Grapevine 3

Twas the day trip before Christmas and all through the state, the towns were decked out, and Chet could not wait.” We always say, “Everything’s bigger in Texas,” and the phrase definitely applies to the way we celebrate Christmas, especially in Grapevine, the “Christmas Capital of Texas.” Donning my best reindeer sweater and Santa hat, I pranced to the metroplex to catch the holiday spirit.

Chet Garner is the host of The Daytripper® travel show on PBS.
Contact the Grapevine Convention & Visitors Bureau at 800/457-6338.

10:00 a.m.: I parked my sleigh at the Gaylord Texan Resort and walked into a lobby filled with millions of
dazzling lights. I tipped my hat to giant toy soldiers and Texas-size Santa boots. The gingerbread houses were so big I considered moving in. But most astonishing was the indoor snow hill tucked into a conference room. I grabbed a tube, sped down the hill, and then got in line to do it again.

11:00 a.m.: While the snow was cold, it was nothing compared to the Gaylord’s ICE! exhibit, which is kept at a frigid nine degrees. Luckily, the ticket price includes the use of a heavy parka. I walked through the winding display of towering ice sculptures, amazed at the detail and color of reindeer, elves, and old Kris Kringle.
My favorite was the Nativity scene, reminding me of the true meaning of Christmas. The sculptures were breathtaking, but I was about to turn into a block of ice myself and decided to step outside.

12:15 p.m.: It was lunchtime and there’s no better way to warm up in Grapevine than beside the smoking pits at Meat U Anywhere BBQ. My plate of brisket, pork loin, and sausage was so good I wouldn’t mind finding this tasty ’cue under my Christmas tree.

1:15 p.m.: After lunch, I went to Main Street, the heart of this Texas-style North Pole. Lights and garlands covered every light post, and Santa Claus waved on every corner; I count-ed over a dozen, and I’m still not sure which was the real one. As I window-shopped, I stepped into the tinsel-covered Good Things for all Seasons to pick up some decorations for my Daytripper Tree. Of the hundreds of ornaments, I figured the barbecue, cowboy-boot, and beer-glass ornaments would do the trick!

2:30 p.m.: While it was winter, in Texas there’s never a bad time for ice cream. So I stopped into Napoli’s Italian Café for a bowl of cappuccino-flavored gelato. It was delicious, but soon my stomach was as round as jolly St. Nick’s, and I decided to go for a walk.

4:00 p.m.: In search of the perfect gift for my wife, I discovered Vetro Glassblowing, which was hosting make-your-own ornament sessions. Standing just feet from a 2,000-degree oven, the glassblowers helped me turn a glowing ball of melted glass into a stunning handmade ornament.

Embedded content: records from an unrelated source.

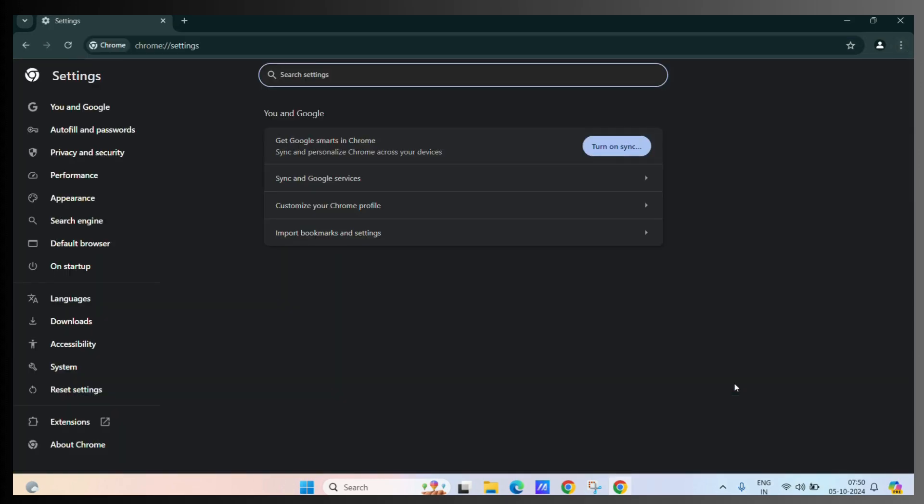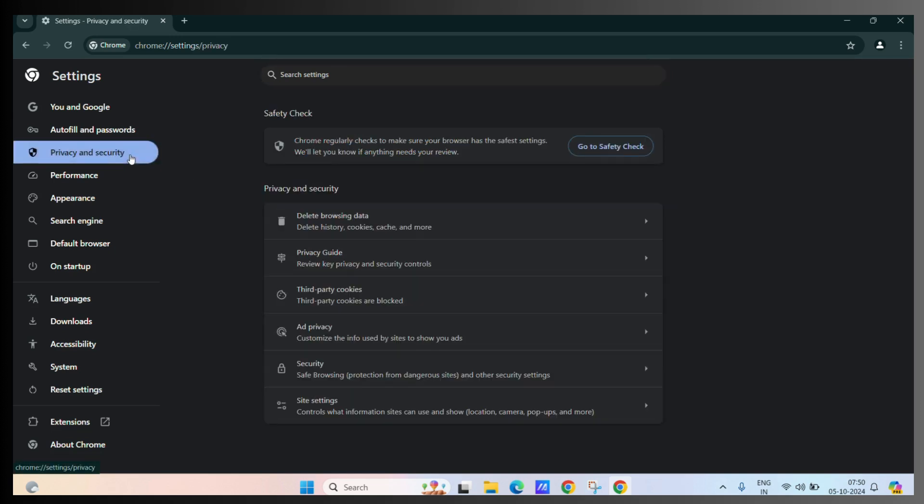Now, here you can see the privacy and security tab. Click on it.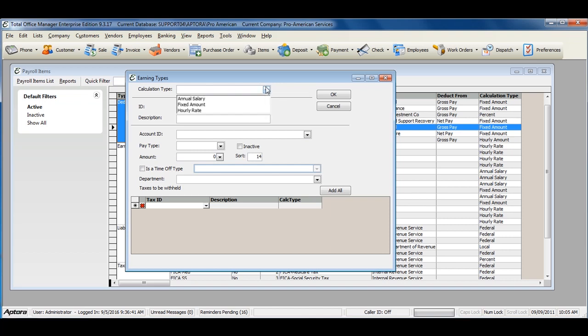Select your calculation type and enter in an ID. The ID is essentially the payroll earning item's name.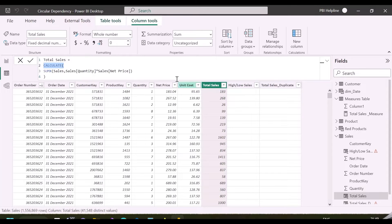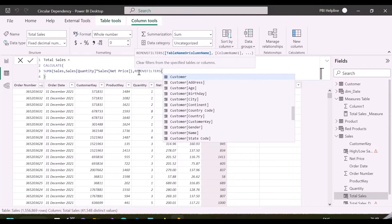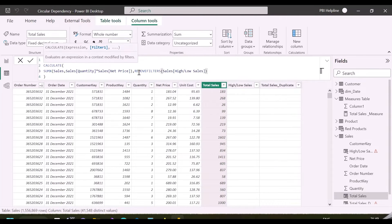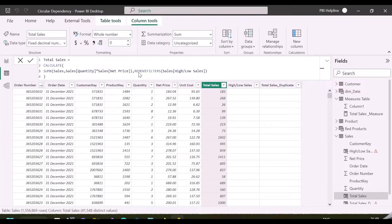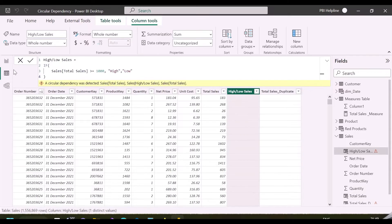So, it may not let you create any other columns. I can use a REMOVEFILTERS function on high-low sales, so that it will not be included in the context transition, and I will not see the error for this column. But this error will be still there in my third column, which is just a duplicate of total sales.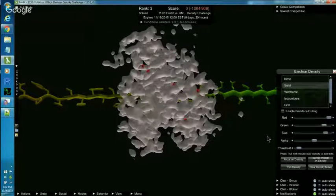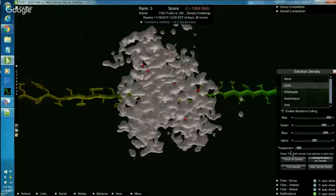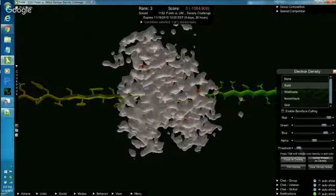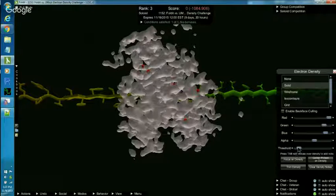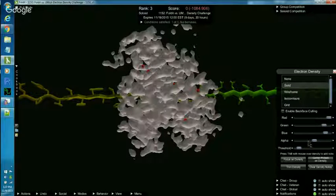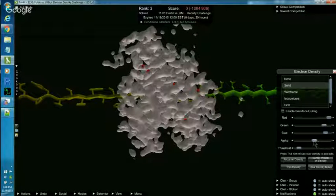Just a quick review of the Electron Density menu settings. I've got my threshold set right above the M in the word mouse and I've got my alpha, which is transparency, set a little bit to the right of center.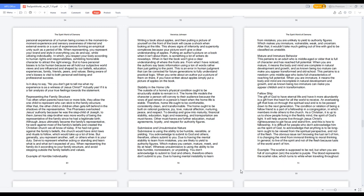Representing the Family Structure. Too often when parents have two or more kids, they allow the one child to represent who can stick to the family structure. After that, the other child or children often gets left behind in the shadows of the representative. The Pharisees overlooked Jesus' authority because he was the stepchild of Joseph. To them James his stepbrother was more worthy of being the representative of the family since he had a legitimate birth. Although Jesus ultimately became the family's representative, he went against most of the family's beliefs and created the Christian church we all know of today. If he had not gone against the family's beliefs, the church would have strict laws and rituals to follow, which would take up a lot of time.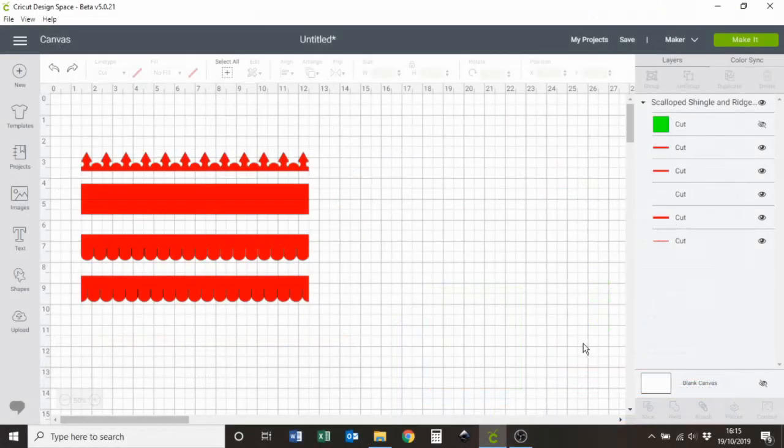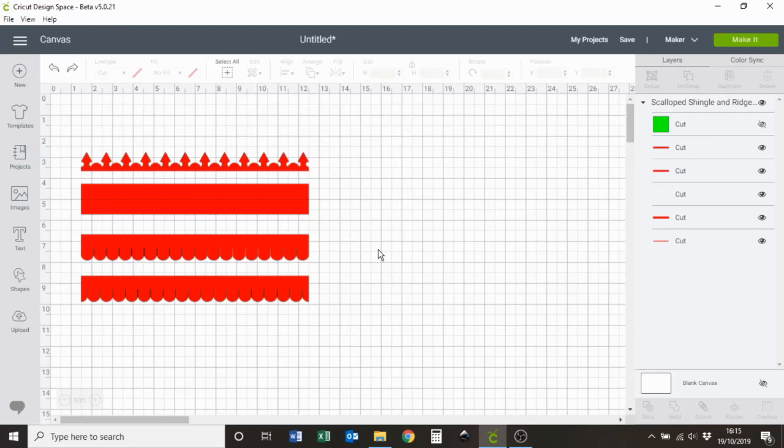When Design Space imports an image, it imports all lines as cut lines. But if you need to score a line, we need to tell Design Space which lines need to be scored. So for this example using this shape here...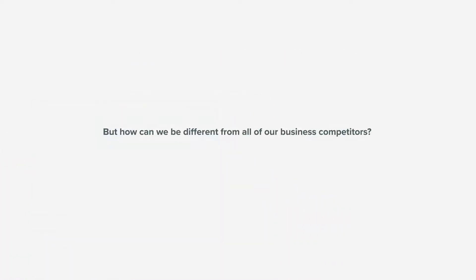But how can we be different from all our business competitors? How can a company stand above others?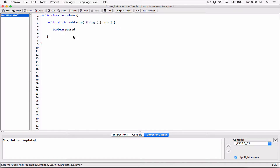Boolean variables can either store the values true or false. I'm going to set it initially to false. The only time we're going to set this boolean variable 'passed' to true is when the user's score is greater than or equal to the pass mark. Now if you're talking about pass marks, you can store that pass mark in a variable.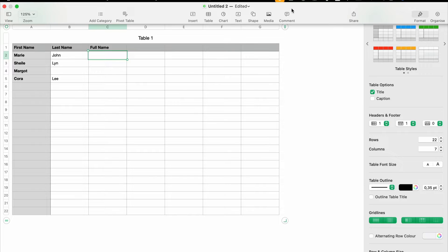Hi everyone, welcome to my YouTube channel. In today's tutorial, we're going to deep dive into a powerful function in Apple Numbers, which is TEXTJOIN. TEXTJOIN is a handy feature that allows you to combine text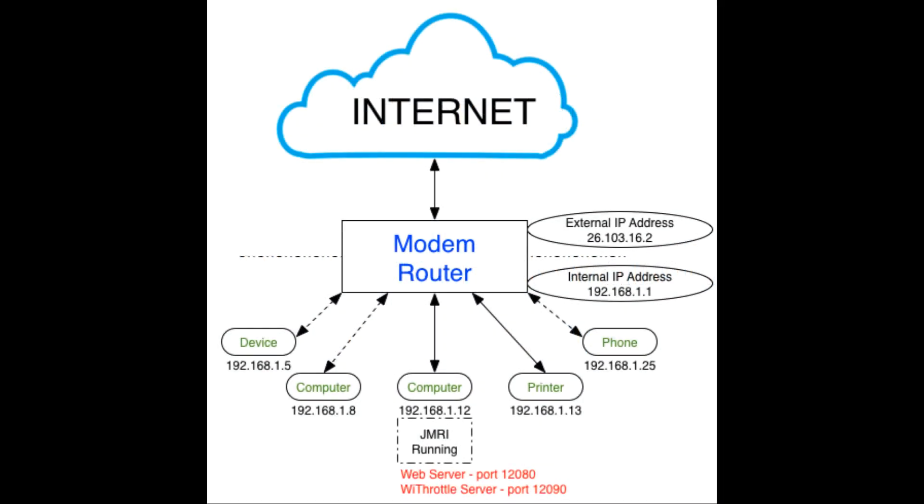Before we start setting up the port forwarding on your router in your house, here's a little tutorial about how this is going to work. So, you have the Internet out there, and you have your devices in your house, and probably sitting between those two things is your modem slash router. You have a modem that allows your cable line or your phone or DSL or something to connect, and then the router is what allows multiple devices in your house to connect to that modem and go out to the Internet. Well, that router has really two IP addresses. On the outside, it has an IP address that the Internet knows. So, from the outside, its address might be something like 26.103.16.2, like in my example here.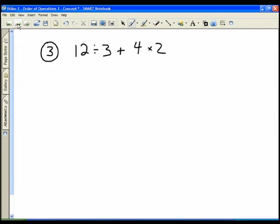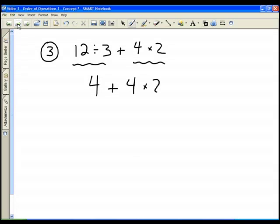In the third example problem we have 12 divided by 3 plus 4 times 2. Now we have two multiplication/division operations, and those need to be done first. Doing one step at a time, I do 12 divided by 3 first — that's 4 — and rewrite the rest: 4 plus 4 times 2. My order of operations tells me to do the multiplication next: 4 times 2 is 8. So 4 plus 8 is 12.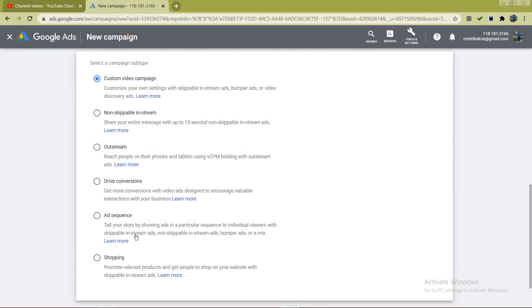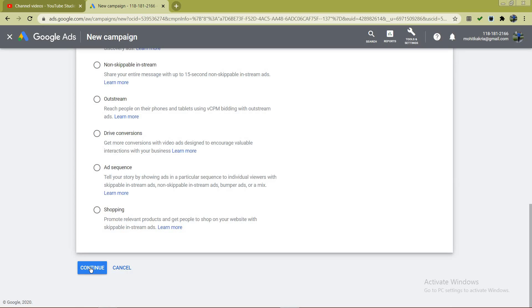After selecting Video, you will get different campaign subtypes. Don't choose any of the preset ones — choose 'Custom Video Campaign' because you want to customize your own requirements and promote your video as per your own settings. Then click 'Continue.'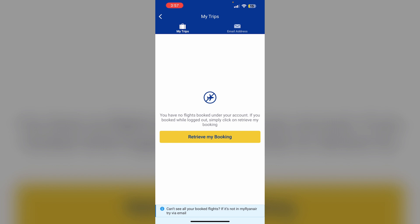After that, click Save to update your booking. You will receive an email confirming the addition of special assistance to your flight.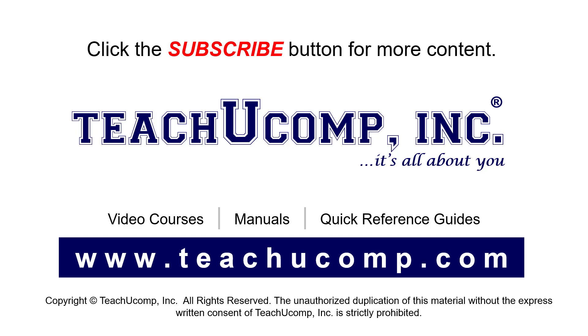If you like our video, click the button to subscribe to our channel and get easy access to new content. To see our full suite of ad-free video courses, instruction manuals, and quick reference guides, visit us at www.teachyoucomp.com.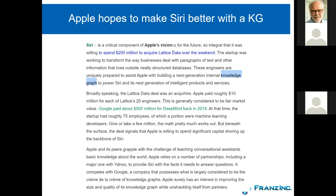Apple got somewhat behind compared to Google — Google Now is way more specific than Siri. Apple just bought a small company called Lattice for about 10-20 engineers and paid $200 million for it — about $10 million per knowledge graph engineer. So if you get tired of your job, there's always something else to do that pays more. Apple is now building a knowledge graph, and in the presentation two weeks ago they talked about how they were using Wikidata to build their own knowledge graph for Siri.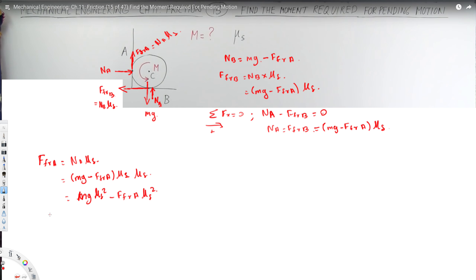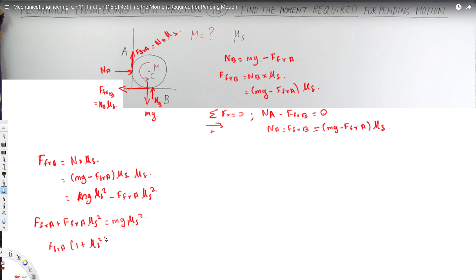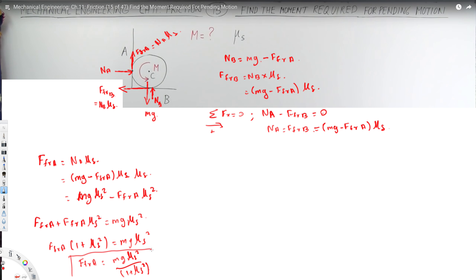To isolate FFR_A, bring the FFR_A terms together: FFR_A + FFR_A·μs² = mg·μs². Factoring out FFR_A gives FFR_A × (1 + μs²) = mg·μs², so FFR_A = mg·μs² / (1 + μs²). This is our equation for FFR_A in terms of the other variables.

6:00 p.m.: It was time for dinner, and what could be more appropriate at Christmastime than the colors red and green? I headed to Esparza’s Restaurante Mexicano for a feast of green guacamole and red pico de gallo, followed by a plate of roja and verde enchiladas. Feliz Navidad to me! Just as I finished my meal, I heard a train whistling in the distance.

7:00 p.m.: I arrived at the Grapevine Vintage Railroad in time to hop aboard the North Pole Express. Wearing my worst pink bunny pajamas—in the spirit of the movie A Christmas Story—I joined the children hoping to catch a glimpse of Mr. Claus. We sang Christmas carols with the elves and arrived at a magical place filled with snow and Christmas trees. It could only be … the North Pole. We entered the toyshop to discover none other than Santa himself.

I sipped my frosty chocolate snow milk and remembered why this really is the most wonderful time of the year. From snow sledding to ornament-making, I definitely had one holly, jolly day in our Christmas capital.

So whether you follow my footsteps or forge your own path, I hope to see you on the road.